Leaving Society for the Unknown

This is not Africa,,,but evokes how I feel.

"Be careful of Ebola! Don't catch malaria!"

I had just left my job in Hollywood for a non-paid volunteer opportunity in Zimbabwe...

"What the hell are you doing?!" exclaimed my Asian parents.

And as I write this blog post while being entranced by snowflakes drifting upon the Toronto Pearson runway in the middle of my 30-hour flight to Zimbabwe, it's also a question I ask myself..."What the hell am I doing?"

However, I keep having to remind myself...life thus far has been a series of standardized steps. Especially growing up in a traditional Chinese household. Let me explain to you my life story and the life story of most Asian Americans. Rather it's the ideal story for most Asians...

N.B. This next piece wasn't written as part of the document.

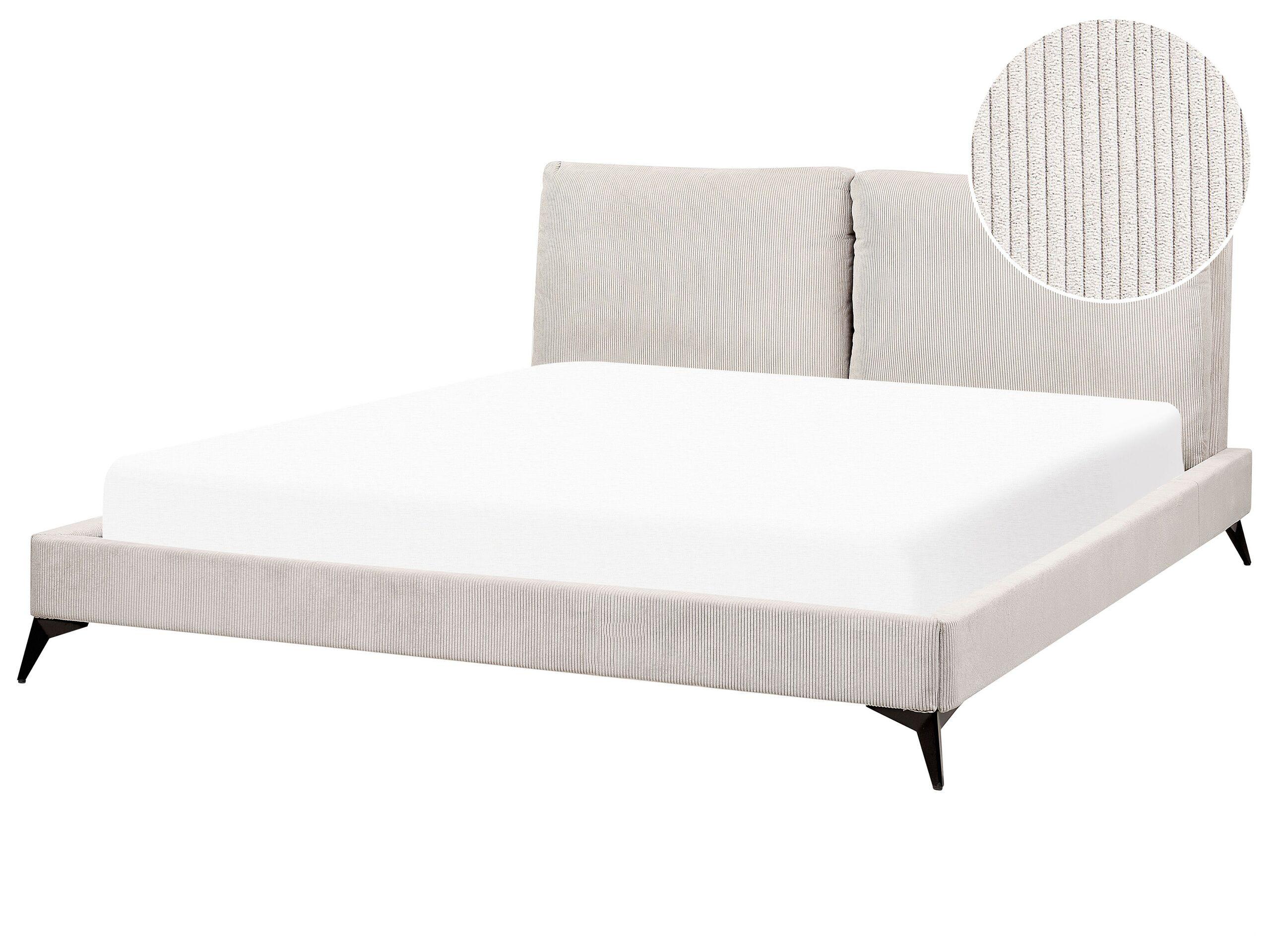 Beliani Bett mit Lattenrost aus Cord Skandinavisch MELLE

Go to school...Get good grades...Go to (good) college...And remember, no girlfriend until after college...Get good job...Buy house...Raise family...Retire...Go dim sum every single damn day...Go on Chinese bus tours.

成家立業 (Start Family and Build Career)
— Chinese Idiom (repeated 100x by my Mother)

Yep, I just predicted my life for the next 50 years with 90% accuracy. And it wasn't as obvious until post-employment. I remember taking the subway into downtown San Francisco while watching batch after batch of employed workers enter and exit the train. Same expressions. Similar dress codes. Am I in a Sims game? Is everyone real? I remember the day I had to force a smile while driving to work because I heard it increased happiness - I never want to do that again.

There is no passion to be found playing small—in settling for a life that is less than the one you are capable of living
— Nelson Mandela

Of course those "batches" of robotic workers are a mere figment of my current imagination, and I genuinely envy those who have found their true calling. At this point in life, I don't have everything figured out (and I don't know if I ever will), but I do know one important thing - time flies. And time is something we can never have back. So let's get moving. Let's just say I still aspire certain aspects of my predictable life such as family and marriage, and I'd rather do the failing and exploring now versus later.